Table 1. Advantages of biocompatible solutions

PDS contain lactate as the buffer. The use of lactate (pH 5.5) buffered PDS has been implicated with in-flow pain. The stimulation of the polyol pathway by lactate may enhance glucose-related mesothelial cell toxicity [9]. PDS are heat-sterilized prior to use. Heat sterilization results in the production of glucose degradation products that are cytotoxic to the peritoneal membrane. The need for more biocompatible PDS (with lower proinflammatory profile and lower propensity to cause changes in peritoneal structure, function, and defense mechanisms) thus became increasingly apparent.
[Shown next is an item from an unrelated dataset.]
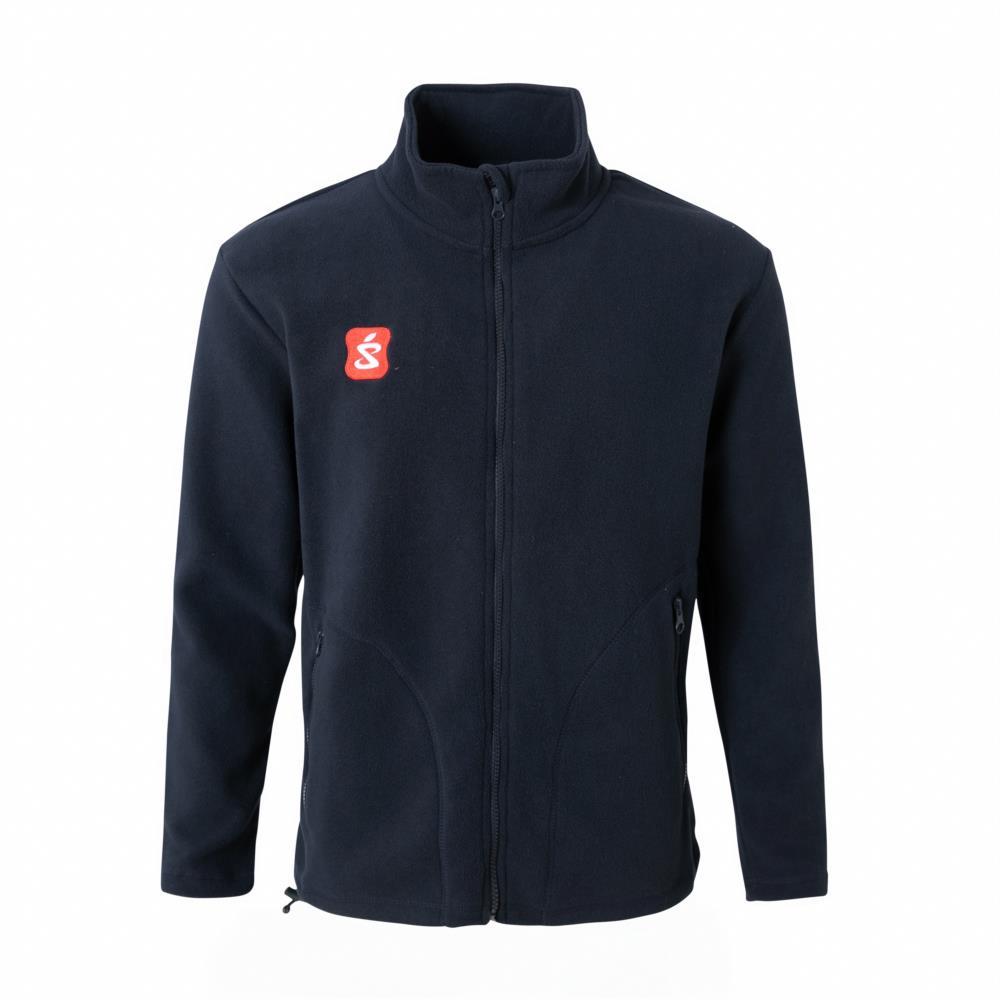 Customized Men's Polar Fleece Jacket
Since their introduction, biocompatible PDS have been widely used in Europe but they have not been available in the US with the exception of Icodextrin (7.5%), which was introduced in the 1990s. The 1.1% amino acid solution, lactate and lactate/bicarbonate buffered solution are some of the other biocompatible PDS [9] (Table 1).

Longer PD vintage predisposes to structural and functional changes of the peritoneal membrane resulting in ultrafiltration failure and reduced solute clearance, ultimately resulting in technique failure. The recognition of transforming growth factor β1 as a target molecule to reduce peritoneal fibrosis has led to the use of agents like aminoguanidine, pyridoxamine, pentoxyphilline, diltiazem, and dipyridamole. In this context, the reported utility of renin-angiotensin aldosterone blockers in the prevention of peritoneal fibrosis is noteworthy [9, 10].